= John Hunt (Alabama) =

Namesake of Huntsville

John Hunt (1743–1822) was an American militiaman and land speculator who became the namesake of Huntsville, Alabama, United States. He had earlier been a printer of the laws for the North Carolina legislature and a delegate to the North Carolina convention for the ratification of the U.S. Constitution.

== Biography ==
Hunt was born in Virginia in what was then Fincastle and is now Botetourt County. He and his family moved to the part of North Carolina that was shortly to become Tennessee where he served in the local militia and as a sheriff. He also served as a clerk for the North Carolina legislature and was responsible for a number of administrative and operational tasks including printing the laws of the state. In 1788 he was a delegate to the North Carolina convention for the ratification of the U.S. Constitution. According to local historian David Byers, Hunt "voted against one proposed change to the document and then voted in favor of ratification. The vote was 195 to 77 in favor." Hunt's main source of income, however, was land speculation, such that "Over and over Hunt purchased and subdivided land and sold it in three Tennessee counties, Hawkins, Sullivan and Claiborne."

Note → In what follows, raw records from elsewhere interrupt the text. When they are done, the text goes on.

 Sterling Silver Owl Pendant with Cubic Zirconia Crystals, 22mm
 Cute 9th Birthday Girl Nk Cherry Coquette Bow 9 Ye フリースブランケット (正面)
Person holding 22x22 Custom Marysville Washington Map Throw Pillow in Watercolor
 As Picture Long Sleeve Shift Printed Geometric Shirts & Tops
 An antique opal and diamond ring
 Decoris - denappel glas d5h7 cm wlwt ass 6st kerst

He was an early squatter in the Madison County, Alabama area in autumn 1804, which lands were still under Cherokee and Chickasaw title. Hunt and five enslaved people he legally owned were enumerated in the vicinity of Big Spring in a census taken in 1809. As told by letter writer Anne Royall in 1818, "It takes its name from a man called Captain Hunt, who built the first cabin on the spot, where the Court House now stands, in 1802. In front of this cabin, which was built on a high bluff, there was a large pond, which is now nearly filled up by the citizens. Captain Hunt cleared a small field west of his cabin, the same year. This was between his cabin and the Huntsville Spring. He spent much of his time in wageing war with the rattlesnakes, who were very numerous in his day, and had entire possession of the Bluff at the Spring. Thousands of them, it appears, were lodged amongst the rocks, and the Captain would shoot hundreds of a day, by thrusting long canes filled with powder, into the scissures of the rocks."

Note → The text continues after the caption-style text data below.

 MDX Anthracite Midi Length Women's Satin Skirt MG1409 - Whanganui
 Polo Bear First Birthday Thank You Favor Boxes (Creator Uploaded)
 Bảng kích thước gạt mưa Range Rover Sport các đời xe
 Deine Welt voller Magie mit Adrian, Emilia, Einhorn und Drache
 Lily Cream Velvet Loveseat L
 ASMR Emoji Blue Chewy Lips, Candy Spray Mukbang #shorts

Leroy Pope bought the land where Hunt, his family members, and his slaves had been living, and Hunt could not afford to buy it back at the inflated prices of the Alabama real estate bubble of the 1810s. In 1810, Pope wanted the settlement's name to be Twickenham, but the other squatters had always called where they lived Hunt's Spring, so Pope was overruled and Huntsville it became. The -ville suffix was because French nomenclature was preferred to English-sounding names in the wake of the fights against the British during the Revolution.

The other settlers were said to value Hunt for his "caution" and his skill in breaking trails and identifying optimal routes for new roadways. Hunt died of tuberculosis somewhere in Madison County in 1822.